About the book: Ellen Lambright mourned when her best friend, Mandy, moved from Indiana to Hawaii. But now Ellen has received the Amish church’s permission to go to Hawaii and help Mandy through challenging times. Rob Smith works on the Williams family’s organic farm, far from his past mistakes and burning regrets. When Ellen befriends Rob, the attraction is mutual, but her commitment to the Amish faith stands between them. Could a heartfelt discovery lead to forgiveness, reunion, and love? Or is Ellen’s destiny waiting for her in Indiana?
Find out in this sequel to The Hawaiian Quilt from New York Times bestselling author Wanda E. Brunstetter, writing with her daughter-in-law Jean Brunstetter.

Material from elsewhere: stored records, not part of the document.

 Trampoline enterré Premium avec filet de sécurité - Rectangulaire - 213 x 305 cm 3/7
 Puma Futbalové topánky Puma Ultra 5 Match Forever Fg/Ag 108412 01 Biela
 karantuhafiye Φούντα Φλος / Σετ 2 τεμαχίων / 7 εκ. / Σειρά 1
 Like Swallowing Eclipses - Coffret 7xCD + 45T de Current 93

Publication Date: June 1, 2018
Publisher: Shiloh Run Press
Genre: Amish fiction
My thoughts: After finishing this book and struggling to find the words to review it I decided to go back and read my review of the first book in the series, The Hawaiian Quilt. I found it surprising that a lot of the feelings I have for this book are the same as I had for it. While I enjoyed The Hawaiian Discovery, I didn’t love it. (Same for the first book.)

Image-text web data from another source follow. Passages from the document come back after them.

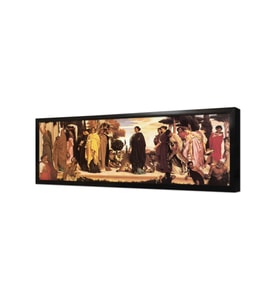Sirakuzalı Gelin Frederic Leighton Çerçeveli Mdf Tablo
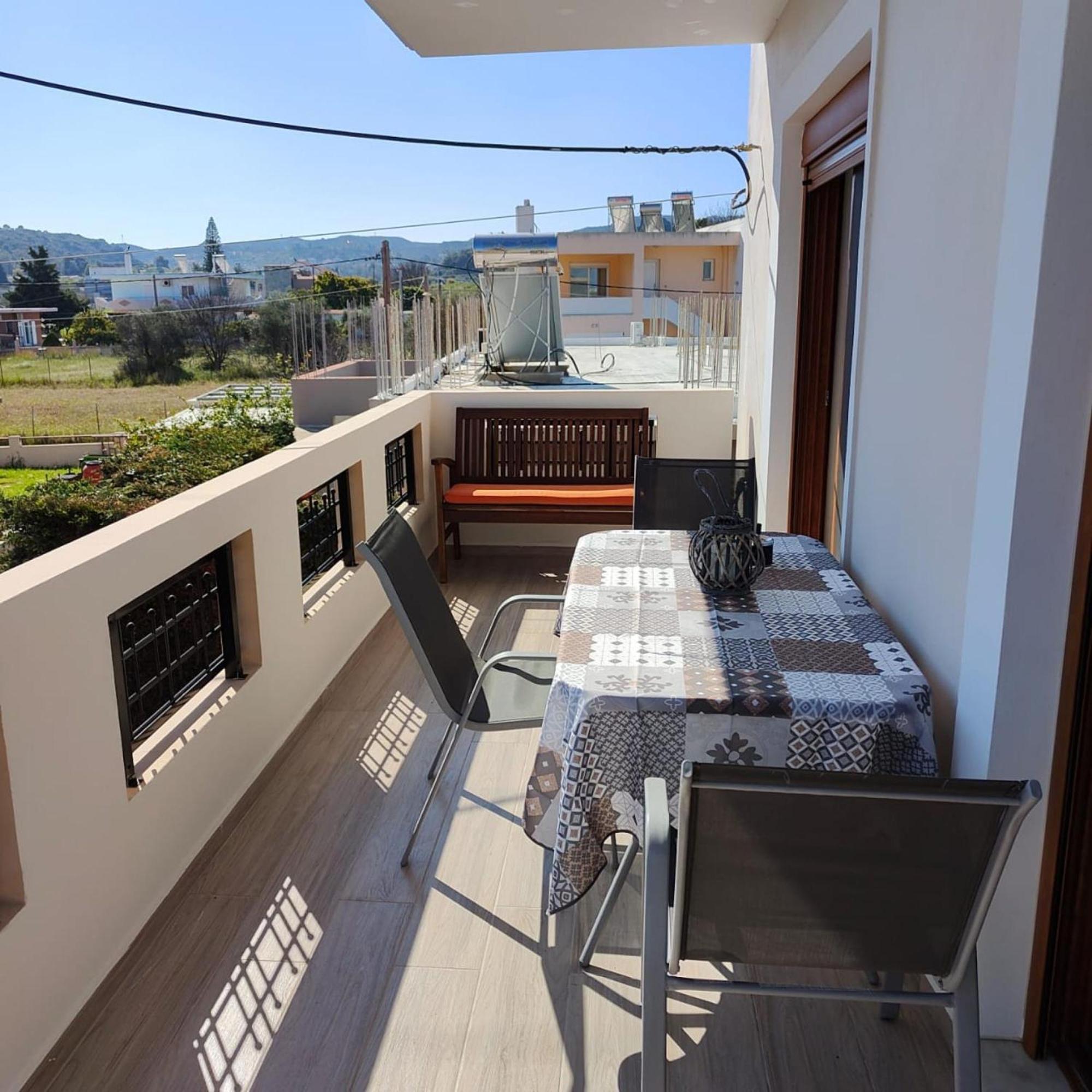 Depie Luxury Apartment In Παστίδα Εξωτερικό φωτογραφία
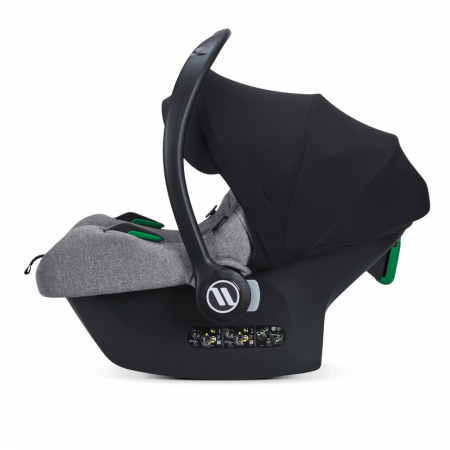 Scoica auto Avionaut Cosmo 2.0 Grey [2]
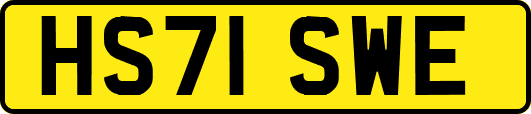HS71SWE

In my review of The Hawaiian Quilt, I said that I liked Ellen more and more throughout the book. I really liked her in The Hawaiian Discovery because I think she embodied everything readers look for in Amish characters. She’s a good daughter, good friend, reliable, and dependable. She was everything I expected her to be. While I didn’t care for Mandy much in the first book I liked her in this book. I think this is due to the fact that she is clearly English in this book and not wavering between Amish and English. There were several secondary characters in this story but none that really grew on me.

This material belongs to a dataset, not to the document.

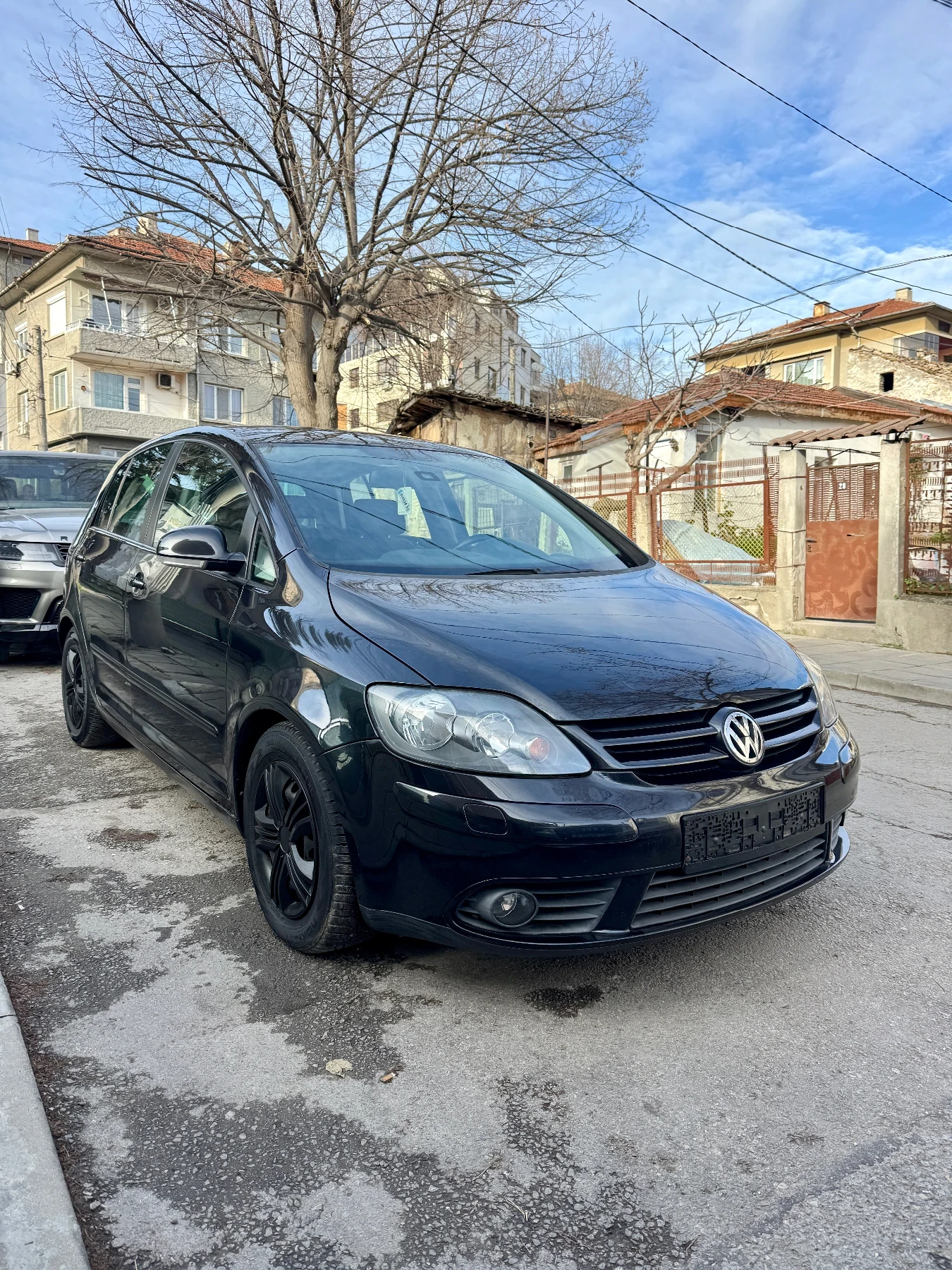 VW Golf Plus 1.9 tdi klima - изображение 3
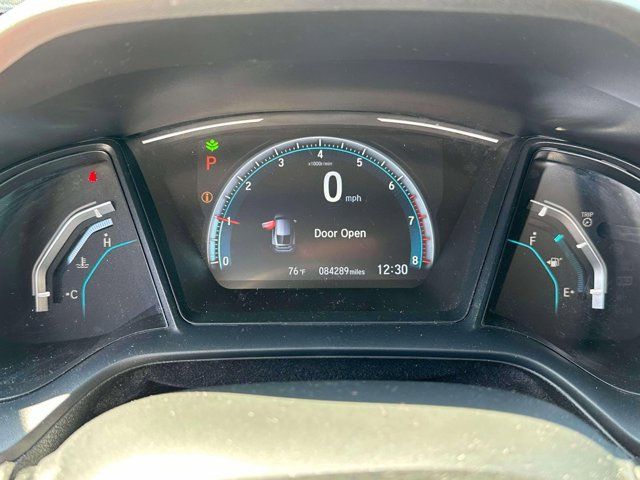 2020 Honda Civic Hatchback LX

This book takes place in Hawaii and Indiana. As with the first book in the series, I was glad for this because without the Indiana scenes this book just wouldn’t have seemed Amish at all. During the scenes that take place in Hawaii, it was oftentimes easy to forget that Ellen was Amish. I applaud the authors for trying to keep the genre and stories fresh but I think Hawaii may be too much of a stretch. During the Hawaiian scenes, I felt like I was just reading a contemporary fiction story and not Amish fiction.
Sometimes I felt like the dialogue in the book was off a bit. It was at times too formal and didn’t sound like things that friends or family would say to each other. I had the same issue with this in the first book as well. Perhaps it’s due to a fairly new author’s writing.
While I had some issues with this book the story was interesting and it was a quick read for me. While I thought the first book was geared more for young adults this book had a more mature feel to it. I believe fans of the genre and Wanda Brunstetter will enjoy this story. Happy reading!
I received a free copy of this book from the publisher and was not required to write a review. All opinions are mine.
About the author: A nationally recognized authority on the Amish community, Wanda E. Brunstetter has sold more than seven million copies of her fiction and nonfiction books. Wanda enjoys an uncommon kinship with the Amish and continues to visit their communities throughout the country. Her books have won numerous awards and topped several bestselling charts.